Your users’ first experience is absolutely critical. Here’s how to design a customer onboarding experience that will earn you loyal customers.

What happens when a customer signs up for your product or service?

A lot of people think that that moment—the signup—is when they’ve “won” the customer.

But the reality is that in a world where 40-60% of software users will open an app once, and never log in again, that’s simply not true.

For most businesses, there are two key milestones that need to be reached before a customer can reach their full value potential:

  1. The moment they sign up for your product, and…
  2. The moment they achieve their first “success” with your product

A disproportionate amount of your customer churn will take place between (1) and (2). That’s where customers abandon your product because they get lost, don’t understand something, don’t get value from the product, or simply lose interest.
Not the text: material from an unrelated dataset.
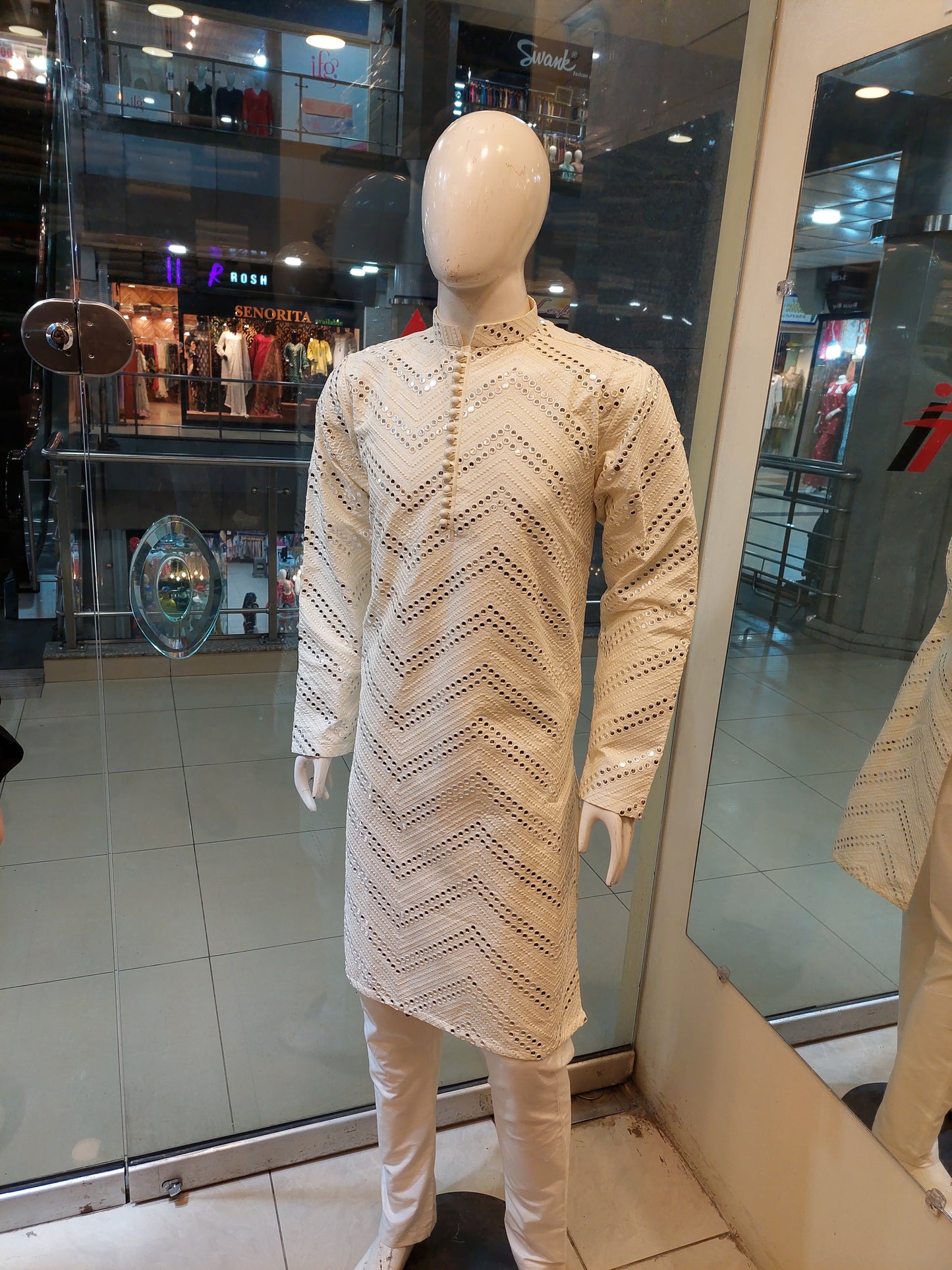 Off White Kurta - Masoori Fabric - Mirror Work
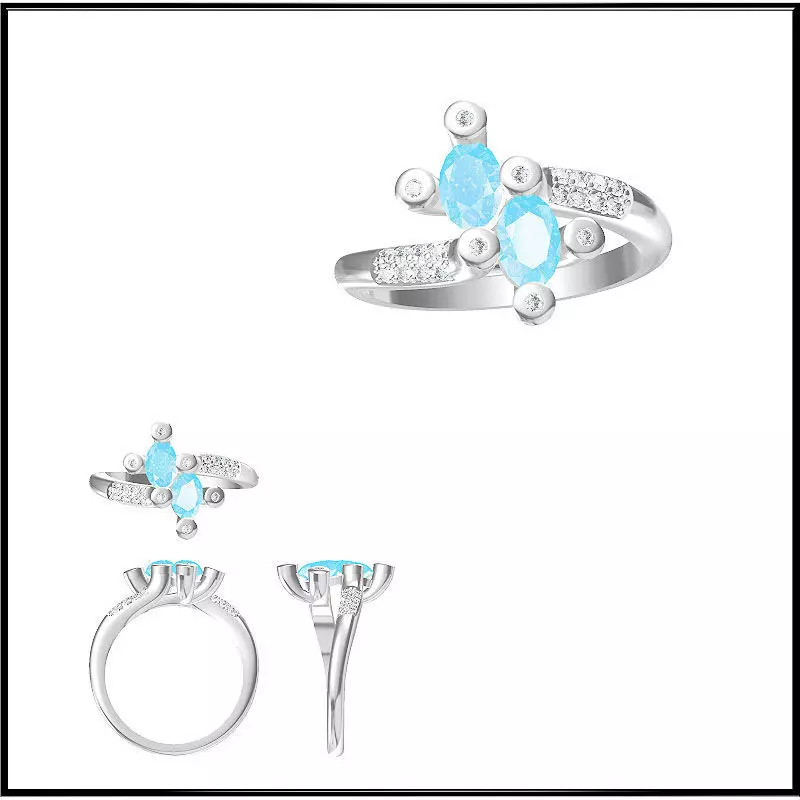 JCD Format Mens color stone rings cad cam jewelry design 3D model 3D ...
To minimize that initial churn, smart businesses focus on onboarding: the process by which you help a customer go from (1) to (2). Making that transition as fast and smooth as possible for your customers will win you higher retention and happier customers.

Today, we’re looking at 10 examples of user onboarding that we can learn from. Not so that you can incorporate all of them (you can’t and you shouldn’t), but to give you ideas on where your own onboarding process may be lacking and could use some clever optimization.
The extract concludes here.